The solution consists of three main components: precomputation, binary search with bit manipulation, and query processing.

1. Precomputation of Pattern Tables

First, we precompute two arrays cnt and s for the first m=50 groups (sufficient since 2^50 covers the problem constraints):

m = 50
cnt = [0] * (m + 1)
s = [0] * (m + 1)
p = 1
for i in range(1, m + 1):
    cnt[i] = cnt[i - 1] * 2 + p
    s[i] = s[i - 1] * 2 + p * (i - 1)
    p *= 2
  • cnt[i]: Total number of elements in powerful arrays for numbers [0, 2^i - 1]
  • s[i]: Sum of all exponents in these powerful arrays
  • The recurrence relations come from the fact that numbers in [2^i, 2^(i+1) - 1] have patterns similar to [0, 2^i - 1] but with an added 2^i term

2. Computing Index and Sum for Any Number

The function num_idx_and_sum(x) calculates the total number of elements and sum of exponents for all powerful arrays up to number x:

def num_idx_and_sum(x: int) -> tuple:
    idx = 0
    total_sum = 0
    while x:
        i = x.bit_length() - 1  # Find highest set bit
        idx += cnt[i]
        total_sum += s[i]
        x -= 1 << i  # Remove the highest bit
        total_sum += (x + 1) * i  # Add contribution of remaining numbers
        idx += x + 1
    return (idx, total_sum)

This works by processing x bit by bit from the highest bit. For example, if x = 13 = 2^3 + 2^2 + 2^0:

  • First, handle numbers [0, 2^3 - 1] using precomputed values
  • Then handle remaining numbers [2^3, 13], which is like handling [0, 5] with each exponent increased by 3
  • Recursively process until x becomes 0

3. Finding Prefix Sum at Position i

The function f(i) finds the sum of exponents from position 0 to position i-1 in big_nums. We use binary search to find the largest number whose powerful array ends before position i.

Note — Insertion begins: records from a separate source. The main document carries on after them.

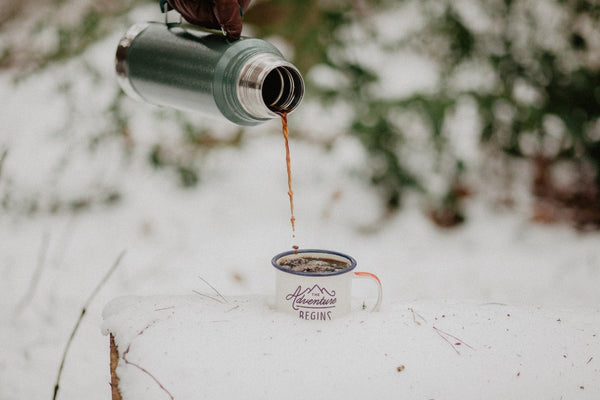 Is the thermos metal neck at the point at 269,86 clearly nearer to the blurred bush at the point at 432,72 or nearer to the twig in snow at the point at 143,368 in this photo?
the twig in snow at the point at 143,368

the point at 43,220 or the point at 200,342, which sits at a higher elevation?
the point at 200,342

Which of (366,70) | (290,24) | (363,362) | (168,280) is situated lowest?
(168,280)

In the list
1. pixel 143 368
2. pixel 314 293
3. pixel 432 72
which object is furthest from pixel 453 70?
pixel 143 368

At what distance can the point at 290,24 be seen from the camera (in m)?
2.17

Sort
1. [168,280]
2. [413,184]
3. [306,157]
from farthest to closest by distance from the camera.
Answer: [306,157] < [413,184] < [168,280]

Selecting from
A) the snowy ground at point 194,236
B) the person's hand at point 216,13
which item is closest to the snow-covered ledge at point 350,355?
the person's hand at point 216,13

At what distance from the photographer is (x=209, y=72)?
894 mm

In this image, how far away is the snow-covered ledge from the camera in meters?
0.84

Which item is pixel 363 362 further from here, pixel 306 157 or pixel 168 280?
pixel 306 157

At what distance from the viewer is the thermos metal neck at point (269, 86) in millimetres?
812

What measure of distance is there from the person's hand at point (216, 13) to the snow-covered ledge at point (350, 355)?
1.59ft

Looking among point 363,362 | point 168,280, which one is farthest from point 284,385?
point 168,280

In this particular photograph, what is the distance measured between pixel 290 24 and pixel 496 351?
1.61 meters

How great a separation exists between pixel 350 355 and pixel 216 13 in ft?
1.89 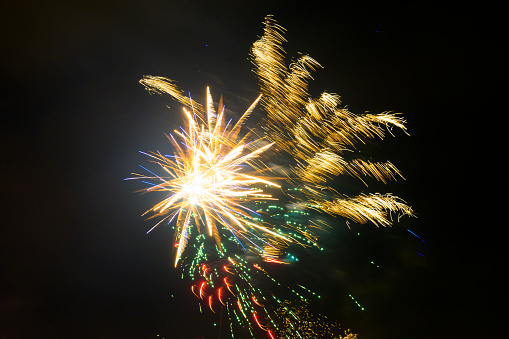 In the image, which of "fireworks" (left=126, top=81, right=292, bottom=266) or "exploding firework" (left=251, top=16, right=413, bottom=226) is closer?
"exploding firework" (left=251, top=16, right=413, bottom=226)

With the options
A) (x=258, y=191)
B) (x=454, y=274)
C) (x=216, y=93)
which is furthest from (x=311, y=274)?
(x=216, y=93)

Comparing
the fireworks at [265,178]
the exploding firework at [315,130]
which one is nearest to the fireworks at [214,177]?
the fireworks at [265,178]

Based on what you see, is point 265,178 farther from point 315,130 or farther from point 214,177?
point 315,130

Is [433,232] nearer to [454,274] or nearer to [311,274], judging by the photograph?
[454,274]

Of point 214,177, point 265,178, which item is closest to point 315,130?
point 265,178

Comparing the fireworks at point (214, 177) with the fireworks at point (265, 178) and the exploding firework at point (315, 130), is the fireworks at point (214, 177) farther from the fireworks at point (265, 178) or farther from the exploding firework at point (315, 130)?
the exploding firework at point (315, 130)

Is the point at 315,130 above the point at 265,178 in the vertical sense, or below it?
above

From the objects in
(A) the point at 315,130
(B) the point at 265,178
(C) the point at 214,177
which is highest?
(C) the point at 214,177

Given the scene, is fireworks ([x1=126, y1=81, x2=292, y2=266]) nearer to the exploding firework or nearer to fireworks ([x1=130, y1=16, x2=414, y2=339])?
fireworks ([x1=130, y1=16, x2=414, y2=339])

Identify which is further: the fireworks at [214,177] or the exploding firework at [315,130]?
the fireworks at [214,177]

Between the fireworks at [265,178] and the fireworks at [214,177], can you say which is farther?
the fireworks at [214,177]

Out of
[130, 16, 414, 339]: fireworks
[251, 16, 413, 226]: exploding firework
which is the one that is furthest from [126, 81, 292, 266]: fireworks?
[251, 16, 413, 226]: exploding firework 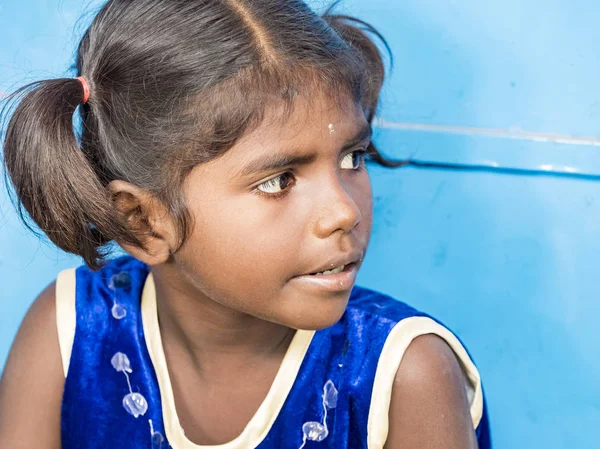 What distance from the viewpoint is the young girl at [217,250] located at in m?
1.07

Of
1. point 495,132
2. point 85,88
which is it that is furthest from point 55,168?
point 495,132

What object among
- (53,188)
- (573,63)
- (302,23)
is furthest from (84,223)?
(573,63)

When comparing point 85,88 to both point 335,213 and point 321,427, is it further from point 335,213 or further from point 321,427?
point 321,427

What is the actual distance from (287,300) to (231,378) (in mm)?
278

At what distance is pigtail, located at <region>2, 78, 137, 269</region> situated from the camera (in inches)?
45.1

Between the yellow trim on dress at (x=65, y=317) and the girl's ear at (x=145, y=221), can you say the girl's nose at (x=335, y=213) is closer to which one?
the girl's ear at (x=145, y=221)

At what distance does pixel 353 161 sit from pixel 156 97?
0.28 m

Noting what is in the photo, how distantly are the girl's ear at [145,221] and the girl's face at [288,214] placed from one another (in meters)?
0.06

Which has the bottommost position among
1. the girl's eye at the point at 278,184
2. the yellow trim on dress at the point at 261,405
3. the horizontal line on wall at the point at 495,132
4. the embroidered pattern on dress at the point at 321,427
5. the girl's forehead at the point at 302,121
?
the embroidered pattern on dress at the point at 321,427

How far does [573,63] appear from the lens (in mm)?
1416

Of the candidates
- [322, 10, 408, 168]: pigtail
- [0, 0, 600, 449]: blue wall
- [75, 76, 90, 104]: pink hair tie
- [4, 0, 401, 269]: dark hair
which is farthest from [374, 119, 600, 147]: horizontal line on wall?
[75, 76, 90, 104]: pink hair tie

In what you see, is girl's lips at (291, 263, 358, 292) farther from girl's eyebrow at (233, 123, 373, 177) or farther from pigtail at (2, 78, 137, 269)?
pigtail at (2, 78, 137, 269)

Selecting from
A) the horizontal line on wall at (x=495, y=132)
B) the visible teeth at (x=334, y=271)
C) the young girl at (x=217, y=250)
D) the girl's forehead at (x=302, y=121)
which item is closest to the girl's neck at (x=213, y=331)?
the young girl at (x=217, y=250)

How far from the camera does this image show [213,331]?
1.30 m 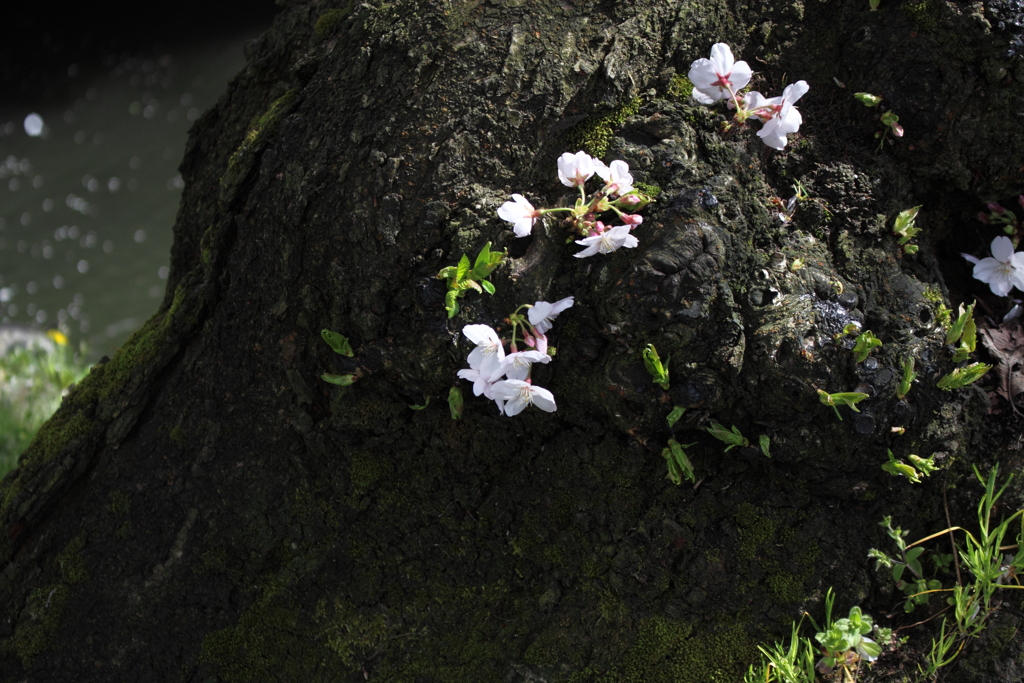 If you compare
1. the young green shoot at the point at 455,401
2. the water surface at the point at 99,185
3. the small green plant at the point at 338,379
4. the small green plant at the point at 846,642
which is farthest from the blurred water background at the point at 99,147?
the small green plant at the point at 846,642

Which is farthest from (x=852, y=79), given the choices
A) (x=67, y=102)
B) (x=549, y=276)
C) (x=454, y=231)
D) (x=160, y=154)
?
(x=67, y=102)

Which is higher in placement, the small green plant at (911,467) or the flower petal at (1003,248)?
the flower petal at (1003,248)

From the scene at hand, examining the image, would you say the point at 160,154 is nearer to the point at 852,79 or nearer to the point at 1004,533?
the point at 852,79

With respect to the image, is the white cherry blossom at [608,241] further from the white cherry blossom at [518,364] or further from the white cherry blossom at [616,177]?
the white cherry blossom at [518,364]

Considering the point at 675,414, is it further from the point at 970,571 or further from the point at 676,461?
the point at 970,571

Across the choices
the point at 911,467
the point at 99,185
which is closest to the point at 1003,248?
the point at 911,467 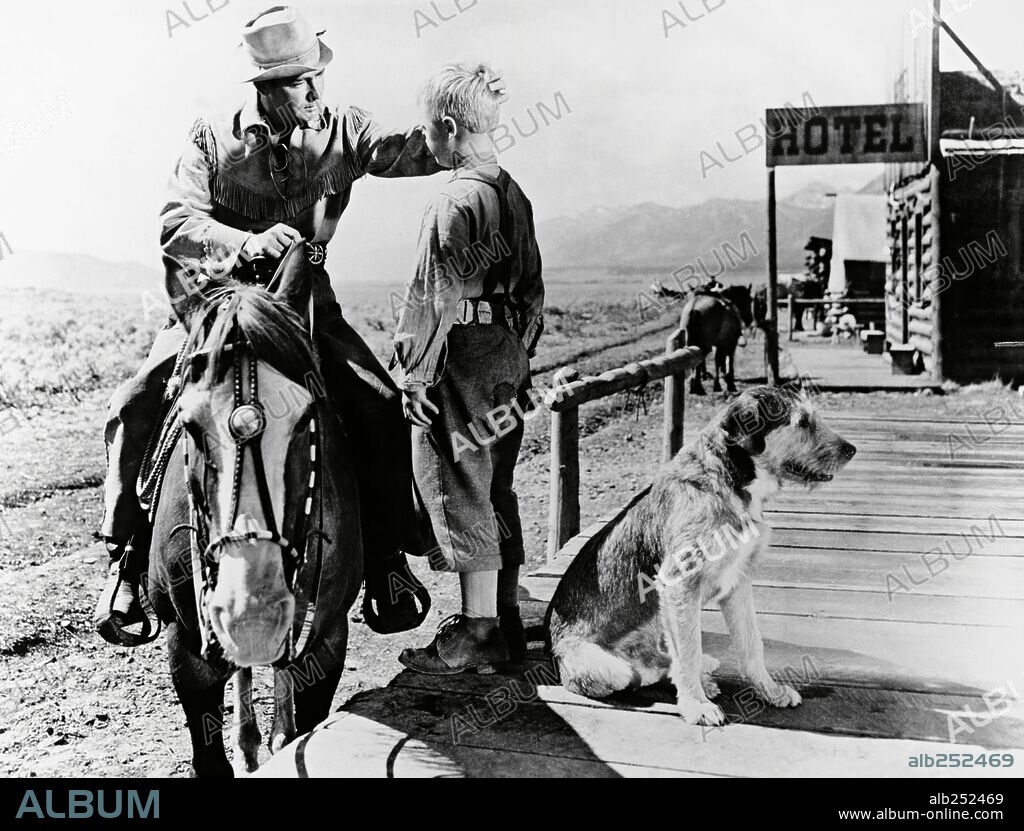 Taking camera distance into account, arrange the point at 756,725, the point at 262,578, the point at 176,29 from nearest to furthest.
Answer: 1. the point at 262,578
2. the point at 756,725
3. the point at 176,29

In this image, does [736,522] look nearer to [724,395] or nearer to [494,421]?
[494,421]

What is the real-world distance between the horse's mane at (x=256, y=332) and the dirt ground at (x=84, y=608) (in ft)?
6.92

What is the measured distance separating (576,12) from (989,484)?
2727 mm

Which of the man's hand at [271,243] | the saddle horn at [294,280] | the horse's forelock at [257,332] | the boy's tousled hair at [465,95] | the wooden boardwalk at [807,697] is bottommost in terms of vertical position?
the wooden boardwalk at [807,697]

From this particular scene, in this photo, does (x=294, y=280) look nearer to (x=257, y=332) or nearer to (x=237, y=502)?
(x=257, y=332)

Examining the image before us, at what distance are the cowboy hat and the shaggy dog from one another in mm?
1523

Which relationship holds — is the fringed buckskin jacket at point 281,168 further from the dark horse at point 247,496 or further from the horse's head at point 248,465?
the horse's head at point 248,465

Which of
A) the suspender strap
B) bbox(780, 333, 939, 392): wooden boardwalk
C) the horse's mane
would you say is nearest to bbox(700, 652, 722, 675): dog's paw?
the suspender strap

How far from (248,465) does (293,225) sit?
1143 millimetres

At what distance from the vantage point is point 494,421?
2830mm

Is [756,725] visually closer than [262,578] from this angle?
No

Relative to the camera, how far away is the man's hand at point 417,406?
8.87 ft

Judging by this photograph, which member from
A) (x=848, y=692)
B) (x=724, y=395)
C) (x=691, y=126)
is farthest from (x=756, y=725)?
(x=724, y=395)

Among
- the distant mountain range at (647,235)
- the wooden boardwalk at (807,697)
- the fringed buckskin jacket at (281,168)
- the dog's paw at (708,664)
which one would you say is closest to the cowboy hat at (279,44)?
the fringed buckskin jacket at (281,168) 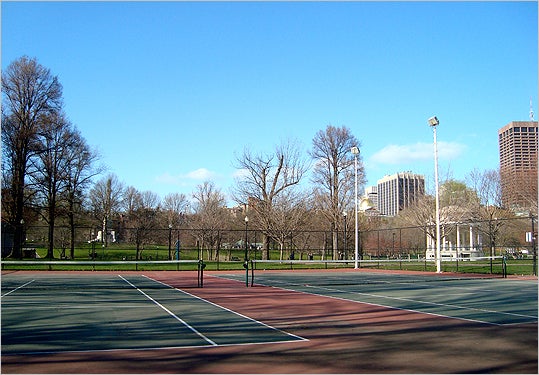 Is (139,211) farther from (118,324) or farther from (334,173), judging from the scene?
(118,324)

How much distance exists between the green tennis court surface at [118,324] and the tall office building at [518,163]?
1994 inches

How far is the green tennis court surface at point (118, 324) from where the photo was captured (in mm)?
8672

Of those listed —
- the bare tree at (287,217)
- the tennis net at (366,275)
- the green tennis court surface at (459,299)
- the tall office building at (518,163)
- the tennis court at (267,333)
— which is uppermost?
the tall office building at (518,163)

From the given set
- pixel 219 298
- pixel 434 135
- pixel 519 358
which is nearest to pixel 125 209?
pixel 434 135

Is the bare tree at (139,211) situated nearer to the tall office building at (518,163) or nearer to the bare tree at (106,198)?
the bare tree at (106,198)

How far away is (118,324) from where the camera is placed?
1070 centimetres

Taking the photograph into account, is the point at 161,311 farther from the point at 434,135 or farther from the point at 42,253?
the point at 42,253

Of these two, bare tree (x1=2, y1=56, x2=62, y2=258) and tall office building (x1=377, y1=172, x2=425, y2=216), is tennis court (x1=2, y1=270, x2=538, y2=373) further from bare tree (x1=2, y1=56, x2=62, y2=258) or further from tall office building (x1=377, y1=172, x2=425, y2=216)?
tall office building (x1=377, y1=172, x2=425, y2=216)

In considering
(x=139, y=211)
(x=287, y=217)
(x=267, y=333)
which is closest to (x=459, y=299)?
(x=267, y=333)

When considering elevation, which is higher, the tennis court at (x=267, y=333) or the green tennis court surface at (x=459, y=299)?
the tennis court at (x=267, y=333)

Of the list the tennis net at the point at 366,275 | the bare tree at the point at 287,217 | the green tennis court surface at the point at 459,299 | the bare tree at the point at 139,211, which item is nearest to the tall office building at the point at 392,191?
the bare tree at the point at 139,211

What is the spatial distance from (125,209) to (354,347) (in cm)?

The feasible condition is: "Does the count of elements up to number mid reach at least i?" We want the last position where this is FALSE (count < i), so we search for the first TRUE and take one position before.

def f(i: int) -> int:
    left, right = 0, 1 << m
    first_true_index = -1

    while left <= right:
        mid = (left + right) // 2
        idx, _ = num_idx_and_sum(mid)
        if idx >= i:  # feasible: count reaches target
            first_true_index = mid
            right = mid - 1
        else:
            left = mid + 1

    # The answer is one position before first_true_index
    target = first_true_index - 1 if first_true_index != -1 else (1 << m)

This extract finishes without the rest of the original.